As to methods for producing diesters of thapsic acid, the following processes, for example, have been proposed; a process comprising the ring-opening dimerization of cyclohexanone with Fenton's reagent in the presence of butadiene (a half-monthly magazine "Fine Chemical", No. Aug. 1, 1978, issued by C.M.C. Co., Ltd.); a process comprising an electrolytic condensation of a monoester of azelaic acid [Japanese Patent Publication No. 11,116/63; Kovsaman, E. P., Fraidlin, G. N., and Tarkkamov, G. A., (USSR), Electrosint. Monomerov, 49-73(1980)]. The former process using Fenton's reagent problems due to various products being formed and the main product not being the desired product, and cannot be said to be satisfactory in industrial production.

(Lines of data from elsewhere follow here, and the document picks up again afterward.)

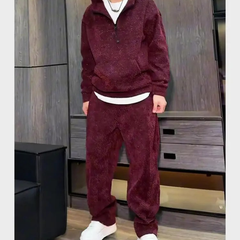 Icone™ UrbanWear: Modieuze Urban Hoodie En Losse Broek Set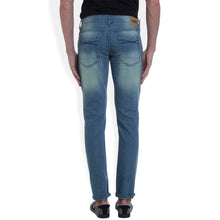 Vudu Men's Full Length Mid Rise Jeans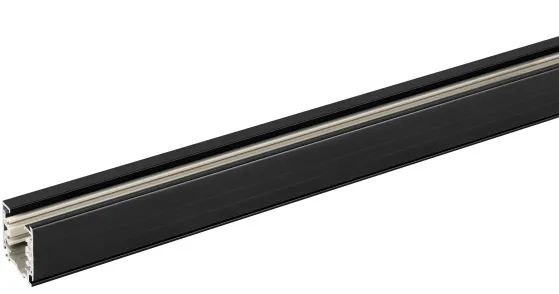 Шинопровод 3ф. STR-30-B-TR-3 черный 3м ЭРА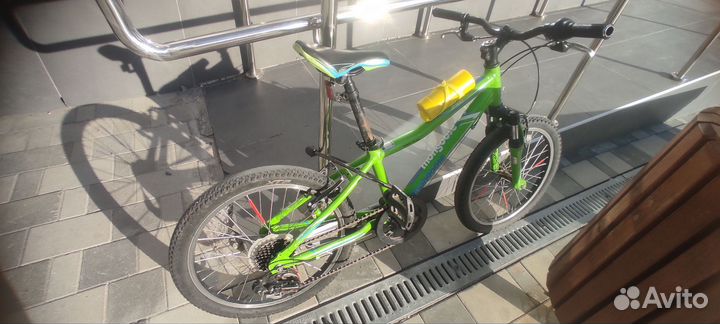 Велосипед mongoose 20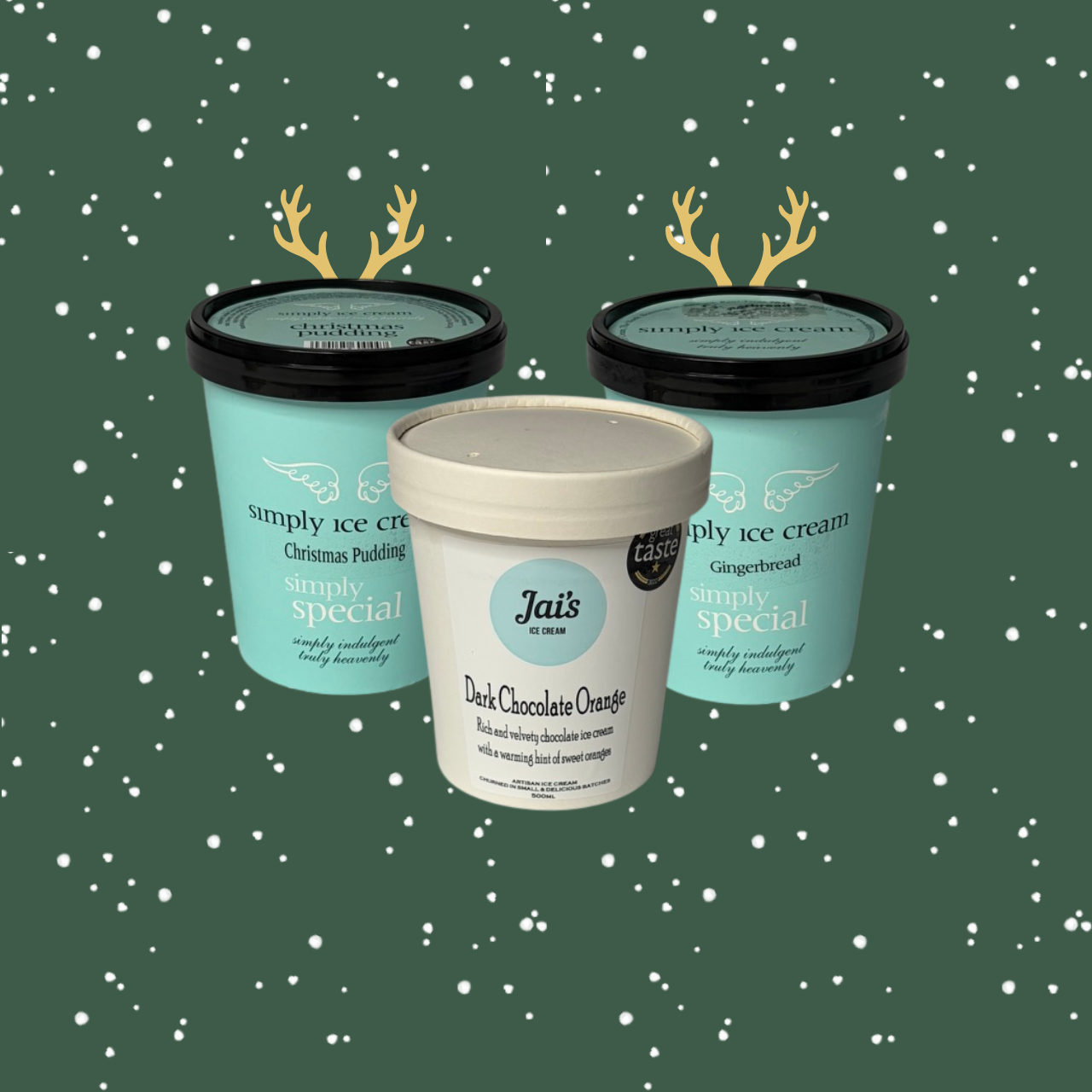 The Festive Box (Limited Edition)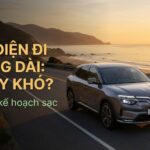 Ở chung cư có sạc ô tô điện được không? Vấn đề không chỉ là ổ điện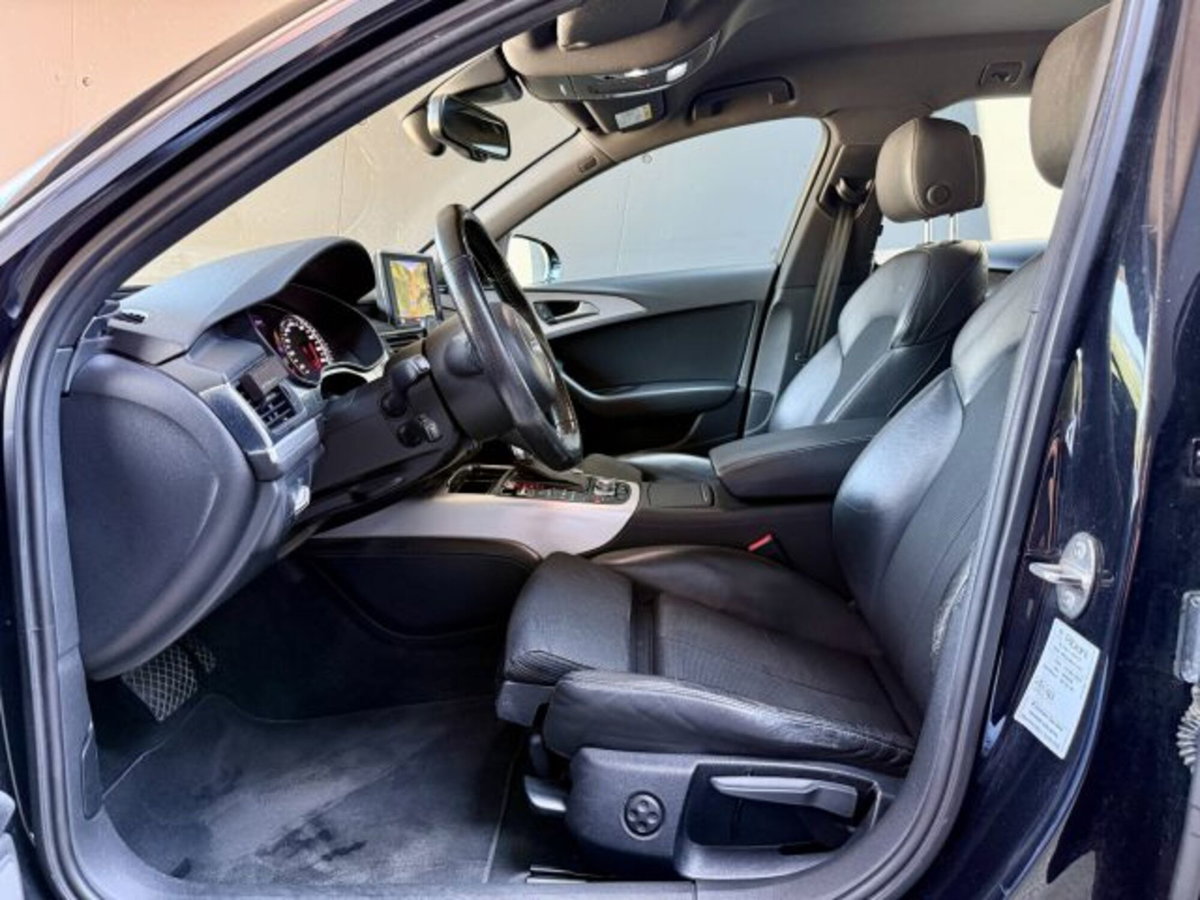 Audi A6 Avant 3.0 TDI 245 CV quattro S tronic (4)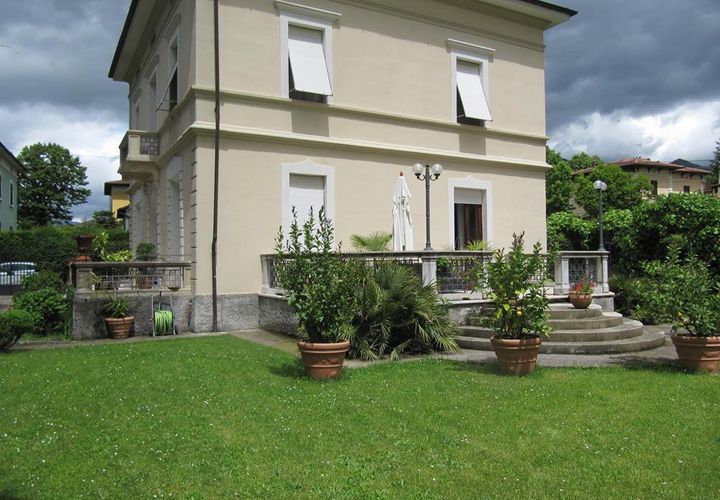 Villa i Barga, Lucca, Barga - € 760.000 | Ref: v3172-x - foto 1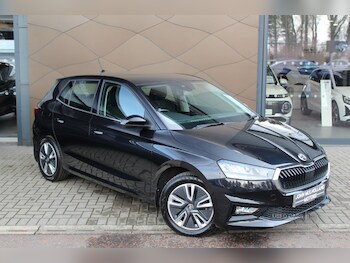 Used Skoda Fabia 2022 for sale - 77769982: Photo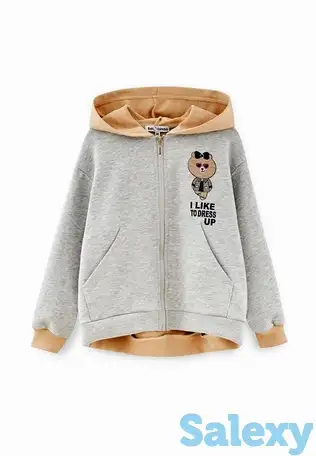 Толстовка bell bimbo, фотография 1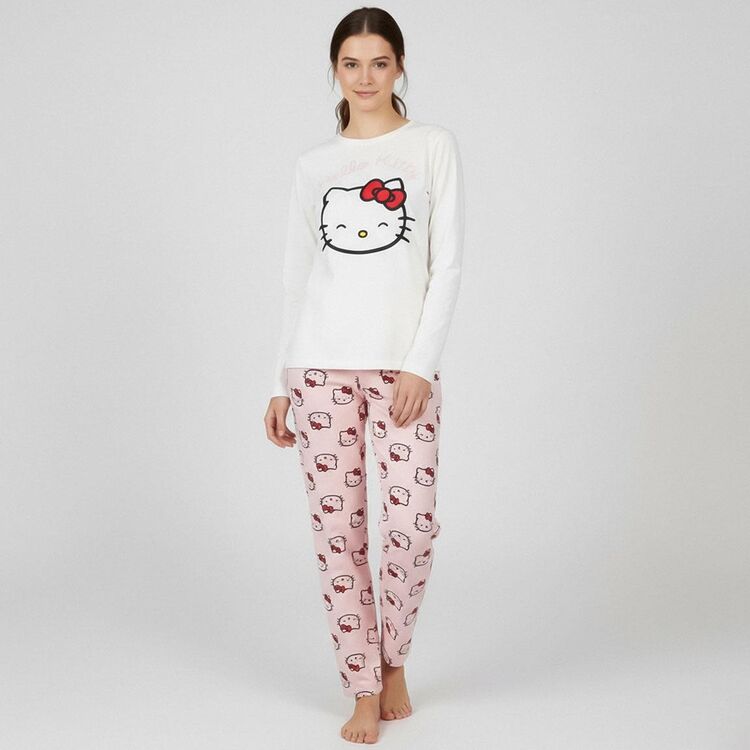 Product Πιτζάμα Hello Kitty Long Pyjamas image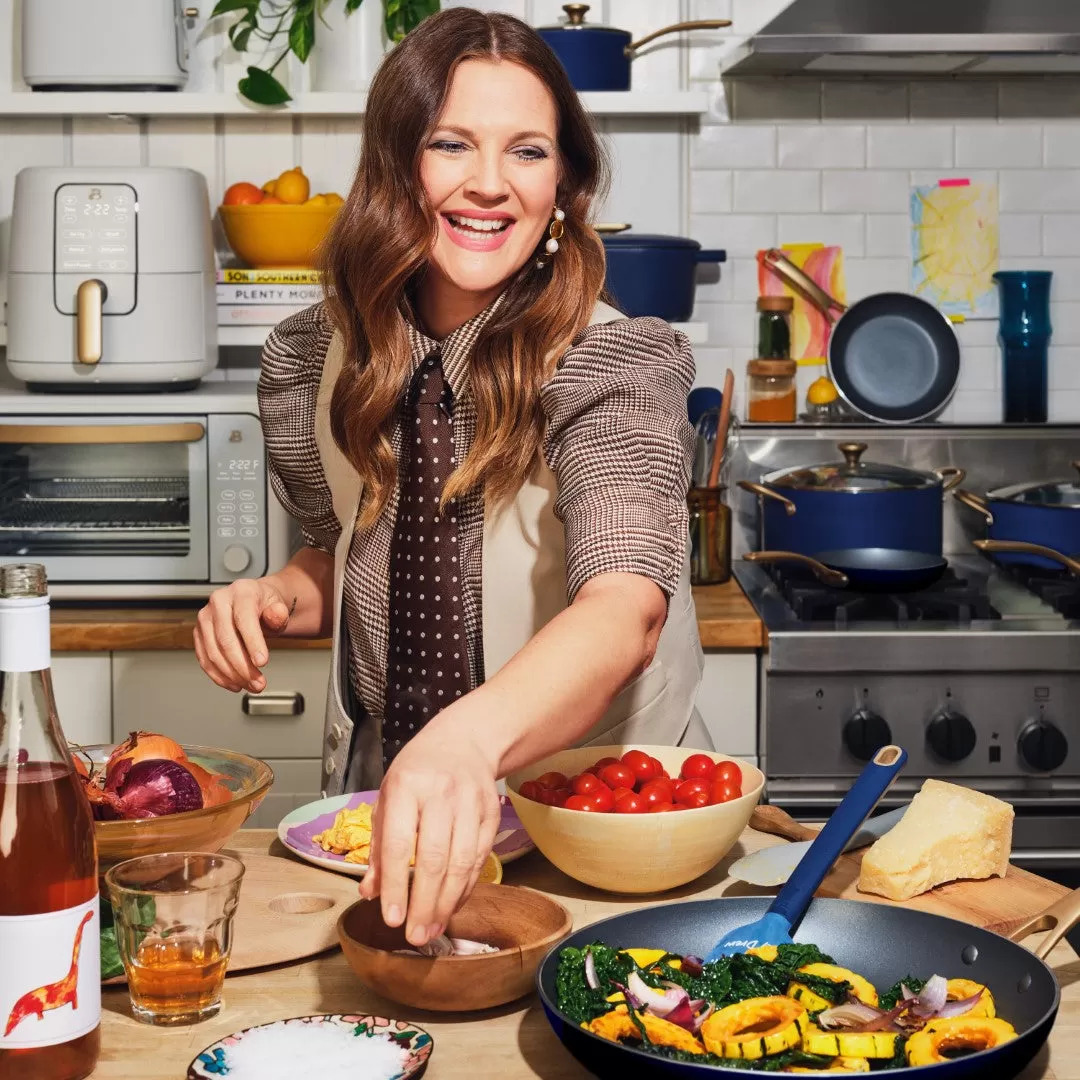 6QT Enamel Dutch Oven, Blueberry Pie by Drew Barrymore - Amazon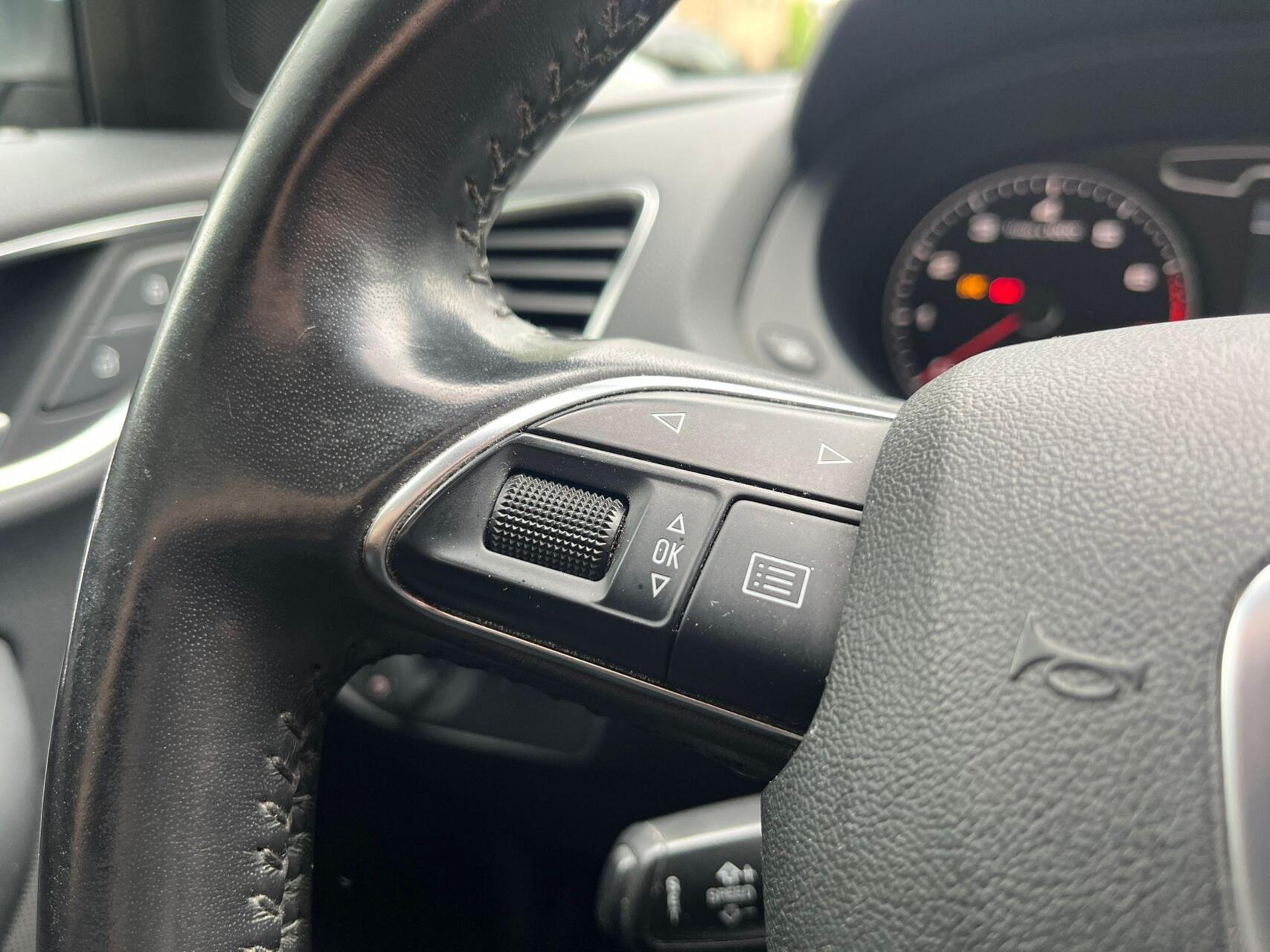 Foto van Audi Q3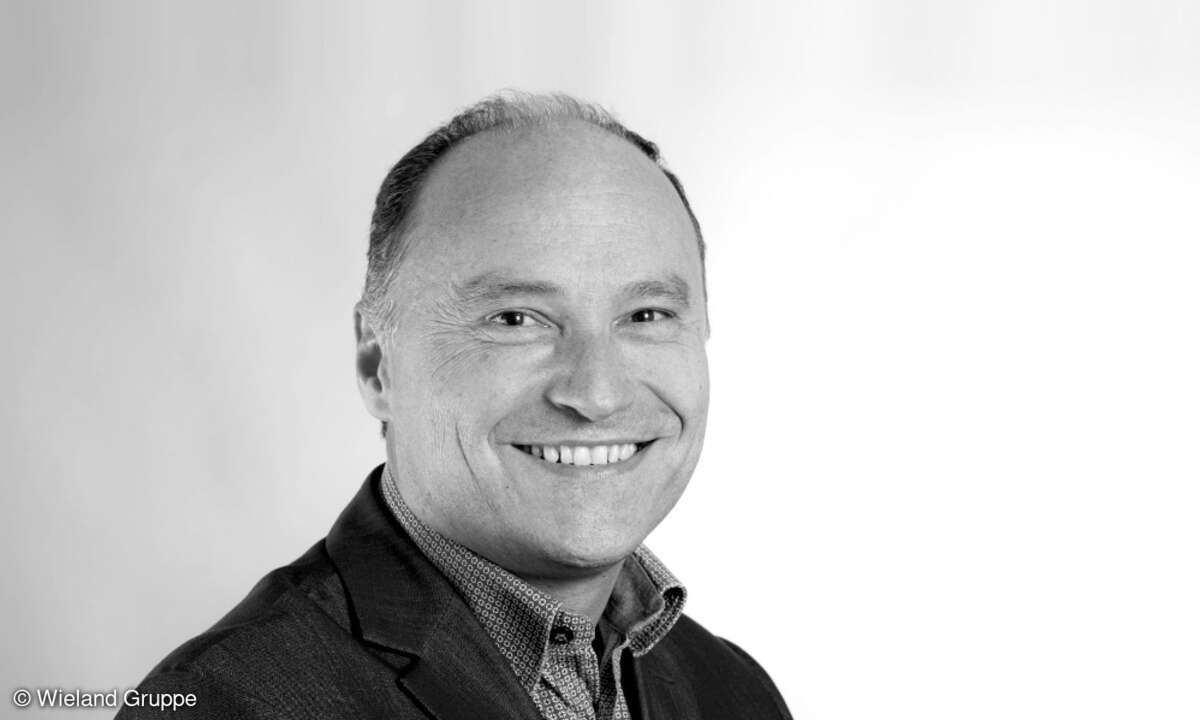 Stefan Zach, Wieland Gruppe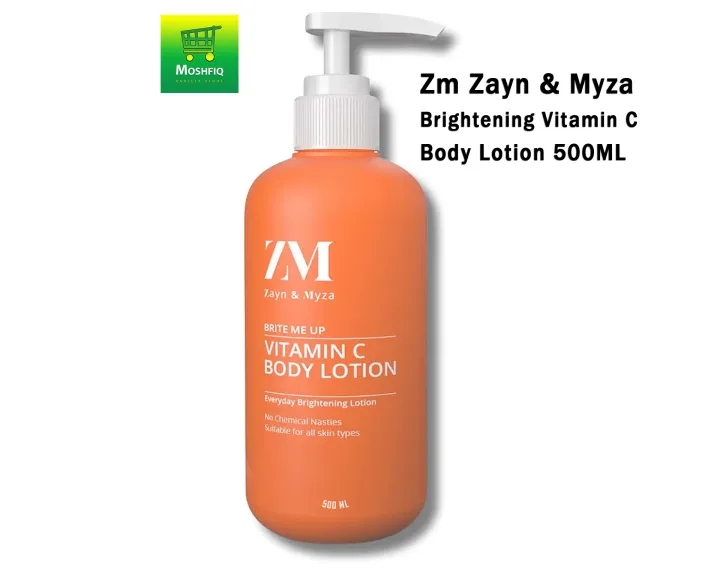 Zm%20Zayn%20&%20Myza%20Brightening%20Vitamin%20C%20Moisturizing%20Body%20Lotion%20500ml%20-%20Image%204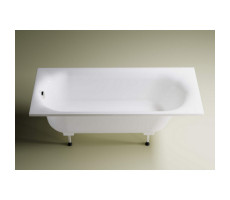 Ванна из литого мрамора Астра-Форм Лира 180х80 Ванна из литого мрамора Астра-Форм Лира 180х80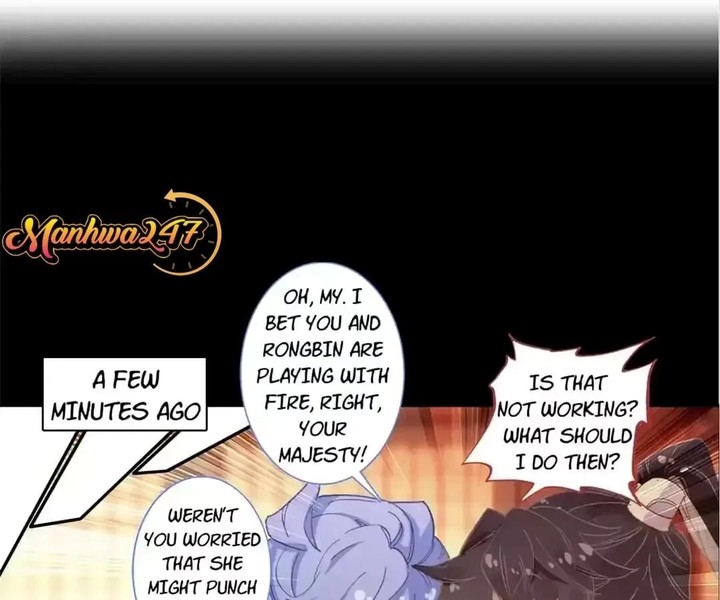 Legend Of The Tyrant Empress Chapter 115 Page 4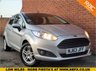 USED 2013 63 FORD FIESTA 1.2 ZETEC 5d 81 BHP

The latter electrolytic condensation process, according to the reference cited above, is considered to have problems due to the electrolytic apparatus being complicated and the current efficiency being low, since it is described in this reference that the cell needs to be separated by an ion exchange membrane into anode and cathode compartments and the water concentration in the anolyte is 30-40% by weight. In the latter reference, there is described a polymer-like film sparingly soluble in water and in methnol which formed on the anode, became thicker with the progress of electrolysis, and was observed even with the naked eye. In any case, the process for electrolytic condensation of such monoesters of dicarboxylic acids of large number of carbon atoms, having still many problems, cannot be said to be satisfactory in industrial production.
In addition, various fermentation processes have been proposed recently for converting n-alkanes or monocarboxylic acids into dibasic acids by use of yeast. However, these fermentation processes, poor in yield, also cannot yet be said to be satisfactory as industrial processes.